Because we “world-school,” as my husband calls it, the kids got more than just confetti and thunderstorms — they got to learn about time balls.

Time-telling began in the 1300s when the church bells of Milan began ringing out the hours, ringing once at 1 a.m. and culminating in 24 chimes at midnight. It was the first time church bells had been used to announce time regularly.

The bells tolled hourly, but it wasn’t until the 1700s that the minute hand began to be used. It wasn’t until John Harrison, the famous clock-maker, developed a sufficiently accurate chronometer in 1761, allowing sailors to determine longitude, that people began needing precise ways to tell time.

In the early 19th century Robert Wauchope, a Royal Navy captain, had an idea: a time ball. A large, highly visible ball could be used as a signaling device in the harbor. At a specific moment the ball would drop to indicate the exact time, and sailors could see it through their telescopes and set their chronometers precisely.

In 1829, the Admiralty set up the world’s first time ball in a harbor in England.
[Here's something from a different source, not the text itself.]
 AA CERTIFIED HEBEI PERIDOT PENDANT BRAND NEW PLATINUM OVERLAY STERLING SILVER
It worked so well, they set up a second in Greenwich. The ball would be dropped every day at 1 p.m. At 12:55 p.m., the red wood-and-leather ball was raised halfway up a 15-foot mast atop the building; at 12:58 it went to the top; and on the hour the ball began to drop, the start of its downward motion signaling exactly 1 p.m.

The United States Naval Observatory began dropping a noon time ball in 1845 and kept it up until until 1936.
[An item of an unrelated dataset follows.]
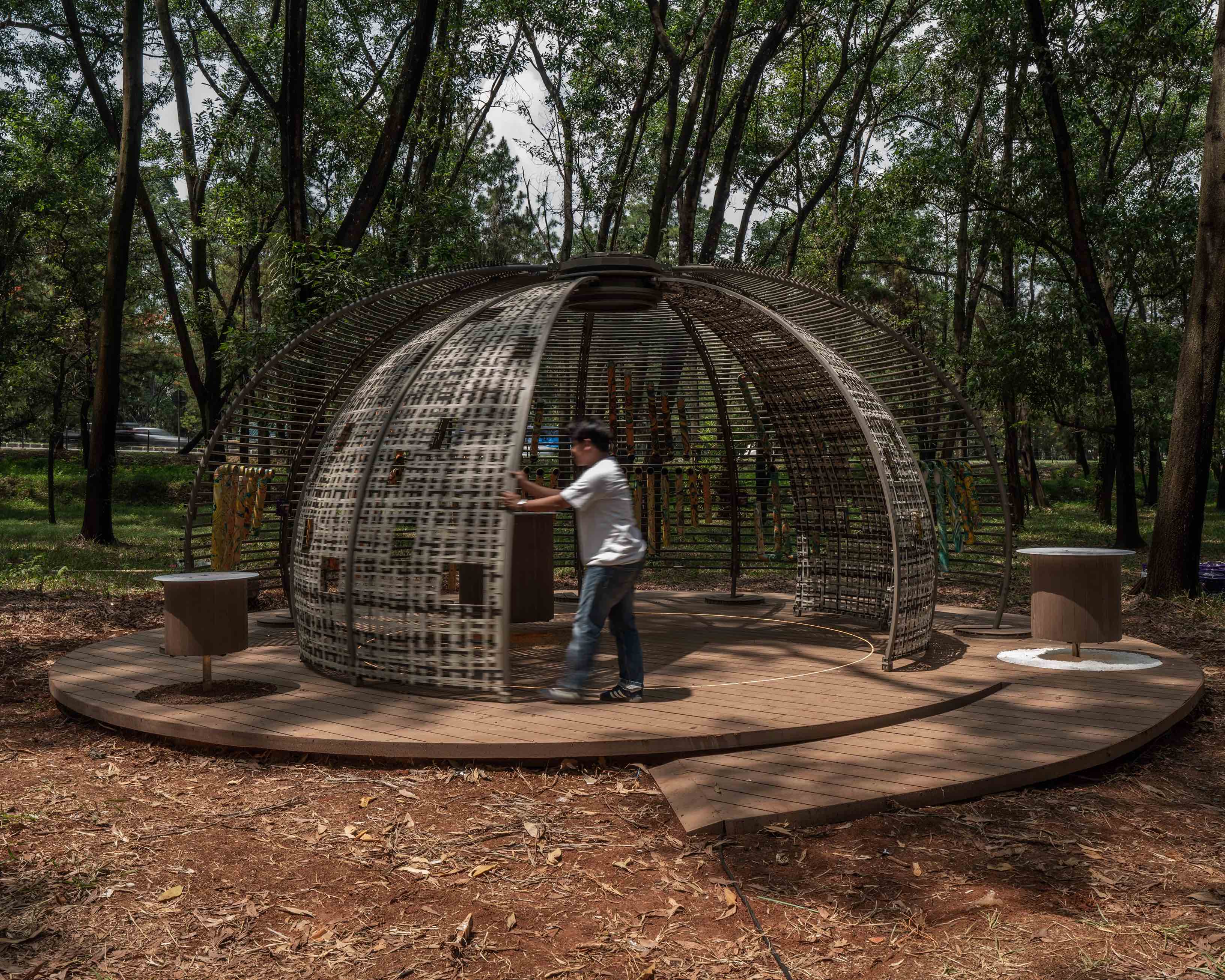 〈キネマティック・パビリオン（Kinematic Pavilion）〉ヘレン・アグスティン・スタジオ（Helen Agustine Studio）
In 1904 the New York Times moved into what later was christened “Times Square” after its famous tenant. To celebrate the move, Adolph S. Ochs, the Times’ publisher, set the skies above Manhattan ablaze with a midnight fireworks show launched from the roof of his newspaper’s 25-story headquarters — but the hot ash that rained down upon bystanders concerned New York City officials so much that they banned pyrotechnics in 1907.

Ochs needed to find something new to celebrate the year’s finale. He found his inspiration in the Western Union Building’s time ball. He put his own spin on an old device. Revelers on Dec. 31, 1907, would have seen a dazzling orb made of wood and iron and illuminated with 100 electric bulbs. The workers would have used ropes and pulleys to lower the 700-pound ball down the flagpole. When the ball reached the bottom, the number 1908 lit up on the skyscraper’s parapet to signal the arrival of the new year. Today, the job of lowering the 6-ton sparkling orb is computerized and timed to an atomic clock. Even though it isn’t a true time ball, it was interesting to see it and learn about it’s history.
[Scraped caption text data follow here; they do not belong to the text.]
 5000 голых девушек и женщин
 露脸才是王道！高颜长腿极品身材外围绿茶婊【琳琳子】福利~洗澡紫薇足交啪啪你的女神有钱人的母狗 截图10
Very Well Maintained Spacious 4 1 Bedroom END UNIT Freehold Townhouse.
Too soon, however, our New York-style pizza was gone, and in its place were large drops of rain. That rain quickly turned into a lightning storm and, at the first clap of thunder, my youngest and I both ducked. The thunder echoing between the skyscrapers sounds a bit different than it does in the wide-open spaces of Eastern Oregon. By 10 o’clock we were cold, tired and drenched. By 11 o’clock we were tucked into our hotel room on Times Square — wearing pajamas, eating microwave popcorn, and watching the ball drop on TV, just like every other year — only without bummer lambs.